Sixty-two percent of Ukrainian citizens do not think that the law on the special self-government status for individual districts of the Donetsk and Luhansk regions and on amnesty for members of illegal armed groups, if passed, will guarantee peace in eastern Ukraine, according to a poll conducted by the GfK Ukraine pollster.

 The poll indicates that only 31.6 percent of those surveyed believe in the positive outcome of these political decisions.

However, support for this law was expressed by 38.6 percent of respondents and 43.6 percent oppose it, while 17.8 percent of those questioned were undecided.

One third of respondents (35.5 percent) backed the law on amnesty, while 57.3 percent oppose it and 7 percent were undecided.

Sixty-seven percent of those surveyed were angered by the parliament’s closed-door vote on the two laws and only 10 percent of respondents support this mode of voting. Concurrently, 19.5 percent of those surveyed said they did not care.
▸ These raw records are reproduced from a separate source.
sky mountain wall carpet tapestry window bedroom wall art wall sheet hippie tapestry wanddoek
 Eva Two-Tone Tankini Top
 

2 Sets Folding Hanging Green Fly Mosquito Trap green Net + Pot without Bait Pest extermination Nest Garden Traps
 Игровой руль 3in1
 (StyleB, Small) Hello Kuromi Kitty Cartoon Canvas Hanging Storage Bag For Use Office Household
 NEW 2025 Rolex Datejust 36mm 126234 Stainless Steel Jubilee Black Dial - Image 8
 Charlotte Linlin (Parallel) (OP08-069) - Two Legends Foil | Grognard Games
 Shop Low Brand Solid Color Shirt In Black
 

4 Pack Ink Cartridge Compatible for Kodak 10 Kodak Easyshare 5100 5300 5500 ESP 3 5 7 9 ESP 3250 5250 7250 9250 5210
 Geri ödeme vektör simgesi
Thirty-four percent of those questioned support the Batkivschyna party’s initiative to repeal these laws immediately and 55 percent oppose it. Eleven percent of respondents were undecided.

The poll had been ordered by the Open Politics Foundation and lasted from Sept. 19 to 21. Eight hundred interviews were conducted by telephone. Respondents were aged over 18. The margin of error was 3.5 percent.

Reports said earlier that the Verkhovna Rada passed a president-proposed law in closed-door hearings on Sept. 16 that would give individual districts of the Donetsk and Luhansk regions special self-government status for three years and set early local elections in these regions for Dec. 7 of this year.

The Verkhovna Rada also passed a law amnestying individual categories of citizens who committed crimes between Feb. 22 2014 and the date of this law’s enforcement in the territories of the Donetsk and Luhansk regions where a counterterrorism operation was conducted.

These laws have not been signed yet by Verkhovna Rada Speaker Oleksandr Turchynov or by Ukrainian President Petro Poroshenko.